Regarding “It’s the Whopper of a Chopper,” by Jan Breslauer (Jan. 15):

“Miss Saigon” and its ensuing publicity show us that publicly acceptable racism and ethnic fetishes of Asian Americans still prevail in the national consciousness:

* No thank you to the “classic love story of our time” being about a white soldier and his Asian prostitute. I’ve seen enough stereotyping of white male saviors and submissive Asian sex vixens to brainwash a nation.

* No thank you to the two white men who were so moved by a picture of a mother bidding farewell to her Amerasian child that they were compelled to tell their story. Most of the Hapa (Amerasian) children you write about were left in Vietnam by white men. We can tell our own stories. Thousands of Asian American writers, actors and performers do so daily, but apparently it takes white male perspectives to be profitable.

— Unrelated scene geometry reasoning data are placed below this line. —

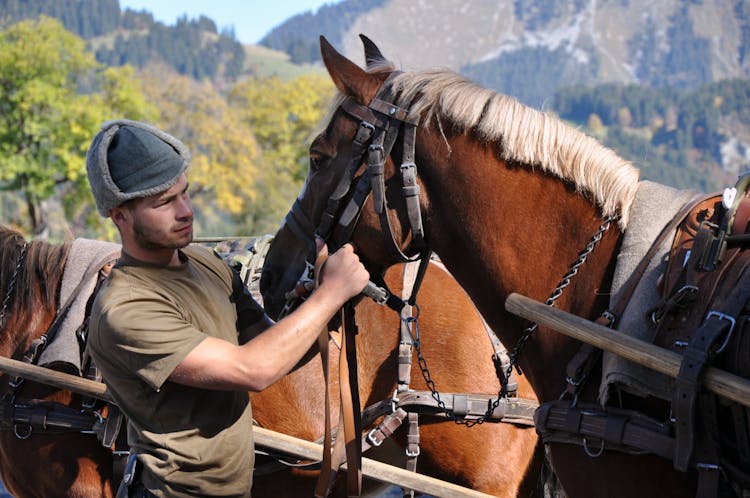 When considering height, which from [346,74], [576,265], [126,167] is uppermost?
[346,74]

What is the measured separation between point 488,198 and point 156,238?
1037mm

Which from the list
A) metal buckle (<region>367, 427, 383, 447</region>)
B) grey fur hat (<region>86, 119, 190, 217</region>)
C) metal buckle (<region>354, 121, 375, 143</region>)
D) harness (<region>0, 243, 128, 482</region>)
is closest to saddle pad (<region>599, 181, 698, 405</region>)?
metal buckle (<region>354, 121, 375, 143</region>)

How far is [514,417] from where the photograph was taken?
11.2 feet

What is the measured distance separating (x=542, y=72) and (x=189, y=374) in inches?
7791

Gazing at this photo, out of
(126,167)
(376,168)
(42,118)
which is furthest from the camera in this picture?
(42,118)

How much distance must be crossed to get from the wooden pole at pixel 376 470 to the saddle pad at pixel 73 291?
967mm

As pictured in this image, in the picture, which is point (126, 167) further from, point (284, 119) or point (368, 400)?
point (284, 119)

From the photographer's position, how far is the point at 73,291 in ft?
11.7

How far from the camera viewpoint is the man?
2.00m

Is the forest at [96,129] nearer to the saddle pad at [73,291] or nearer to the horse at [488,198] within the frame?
the saddle pad at [73,291]

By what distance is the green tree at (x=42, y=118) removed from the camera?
2848 cm

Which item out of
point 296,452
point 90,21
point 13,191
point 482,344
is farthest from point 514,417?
point 90,21

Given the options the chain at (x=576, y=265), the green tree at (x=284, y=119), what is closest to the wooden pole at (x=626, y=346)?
the chain at (x=576, y=265)

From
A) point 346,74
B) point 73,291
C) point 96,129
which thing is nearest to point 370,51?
point 346,74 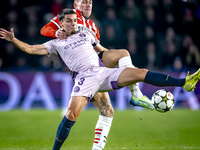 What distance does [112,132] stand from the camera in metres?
7.50

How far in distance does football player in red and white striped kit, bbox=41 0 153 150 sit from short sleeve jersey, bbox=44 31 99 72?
0.14 metres

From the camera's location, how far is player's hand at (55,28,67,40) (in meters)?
4.77

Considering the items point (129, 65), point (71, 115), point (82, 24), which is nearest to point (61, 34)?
point (82, 24)

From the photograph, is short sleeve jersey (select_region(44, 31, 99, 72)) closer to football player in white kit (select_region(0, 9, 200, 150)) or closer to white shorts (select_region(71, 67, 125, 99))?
football player in white kit (select_region(0, 9, 200, 150))

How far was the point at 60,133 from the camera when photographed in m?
4.38

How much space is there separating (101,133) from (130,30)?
7.22m

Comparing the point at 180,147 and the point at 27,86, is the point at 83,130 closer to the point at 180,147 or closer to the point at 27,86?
the point at 180,147

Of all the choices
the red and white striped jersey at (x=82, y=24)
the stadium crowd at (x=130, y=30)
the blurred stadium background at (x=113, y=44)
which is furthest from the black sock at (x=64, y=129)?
the stadium crowd at (x=130, y=30)

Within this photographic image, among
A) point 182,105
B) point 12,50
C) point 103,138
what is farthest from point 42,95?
point 103,138

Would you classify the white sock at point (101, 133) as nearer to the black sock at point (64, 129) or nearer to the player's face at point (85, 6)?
the black sock at point (64, 129)

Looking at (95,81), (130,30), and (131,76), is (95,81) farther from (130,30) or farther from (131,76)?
(130,30)

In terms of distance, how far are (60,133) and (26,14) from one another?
8.36 m

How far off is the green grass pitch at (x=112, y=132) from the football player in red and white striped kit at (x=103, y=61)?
2.08 feet

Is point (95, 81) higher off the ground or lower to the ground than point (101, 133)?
higher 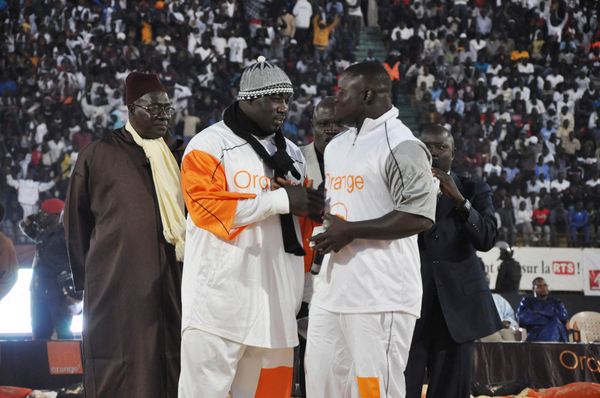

* No thank you to the argument that this musical opens doors for Asian American actors. I’ve seen enough Asian barmaids, soldiers, prostitutes and pimps on television to last a lifetime. Hollywood movies consistently pair exotic Asian women with white men while Asian men are reduced to cooks, ninjas and idiots.

* No thank you to the Asian American activists who protest only why an Asian American is not cast in the role of the Eurasian engineer. If the character is Eurasian, both white or Asian castings are equally incorrect. Amerasians are pulled to either side for our support when needed, then discounted as not being really Asian or really white.

When will we see accurate portrayals of Asian Americans--full and mixed blood? When will we see realistic roles become available, so talented actors like B. D. Wong won’t be forced to play stereotypical roles in embarrassments like “All American Girl”? When will America recognize Asian Americans as more than gangsters, kung fu masters, Oriental massage artists and comic relief?

If you see “Miss Saigon,” don’t get too lost in the fantasy. Some of us are real.


Santa Barbara

Fulbeck, a video and performance artist, is assistant professor of art studio and Asian American studies at UC Santa Barbara.


Breslauer’s article failed to mention not only was there public outcry against “Miss Saigon” for the casting of Jonathan Pryce but also criticism about the musical’s overtly racist and sexist story line and lyrics.

“Miss Saigon” showcases a roster of negative Asian stereotypes to the backdrop of a romanticized Vietnam War. From the helpless girl-prostitute to the unscrupulous and inferior male characters, “Miss Saigon” resonates themes of colonialism and exploitation.


Borrowing from Puccini’s “Madama Butterfly” (upon which the musical is based), Cameron Mackintosh, Claude-Michel Schonberg and Alain Boublil have managed to perpetuate disturbing Eurocentric themes nearly a century later.